Womanica

Mothers: Andrée Blouin

Episode Summary

Andrée Blouin (1921-1986) helped birth several African countries into new eras of independence, free from French colonial rule.

Episode Notes

Andrée Blouin (1921-1986) helped birth several African countries into new eras of independence, free from French colonial rule.

While motherhood can take many forms, to mother is to usher forth new generations through care, work and imagination. For the entire month of December, we’re celebrating mothers — including those who raised children who went on to lead the civil rights movement and school desegregation efforts, such as Alberta King and Louise Little, as well as mothers of movements like Lorena Borjas who started the Latinx trans movement. All of the women featured this month were dedicated to the survival of children in their work and to imagining better futures for the next generation.
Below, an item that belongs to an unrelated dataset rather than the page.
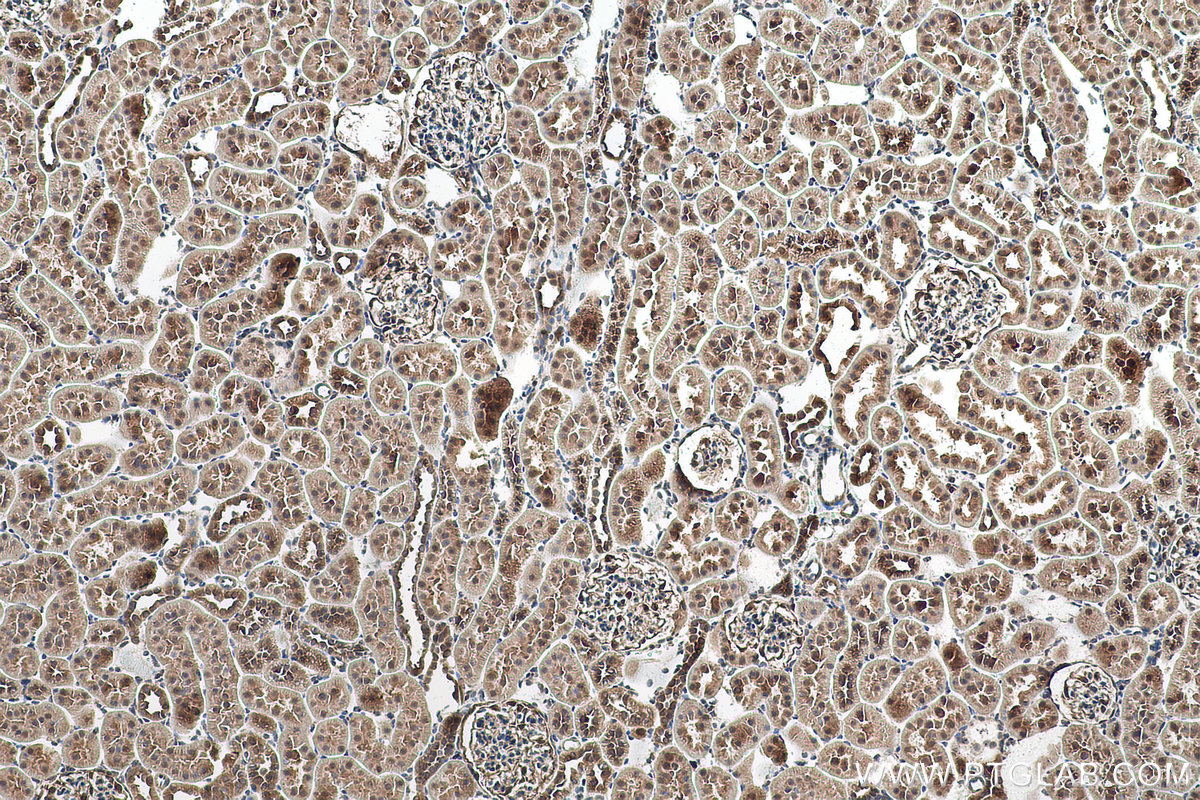 Immunohistochemistry (IHC) staining of rat kidney tissue using TRIM47 Polyclonal antibody (26885-1-AP)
History classes can get a bad rap, and sometimes for good reason. When we were students, we couldn’t help wondering... where were all the ladies at? Why were so many incredible stories missing from the typical curriculum? Enter, Womanica. On this Wonder Media Network podcast we explore the lives of inspiring women in history you may not know about, but definitely should.

Every weekday, listeners explore the trials, tragedies, and triumphs of groundbreaking women throughout history who have dramatically shaped the world around us. In each 5 minute episode, we’ll dive into the story behind one woman listeners may or may not know–but definitely should. These diverse women from across space and time are grouped into easily accessible and engaging monthly themes like Educators, Villains, Indigenous Storytellers, Activists, and many more.  Womanica is hosted by WMN co-founder and award-winning journalist Jenny Kaplan. The bite-sized episodes pack painstakingly researched content into fun, entertaining, and addictive daily adventures. 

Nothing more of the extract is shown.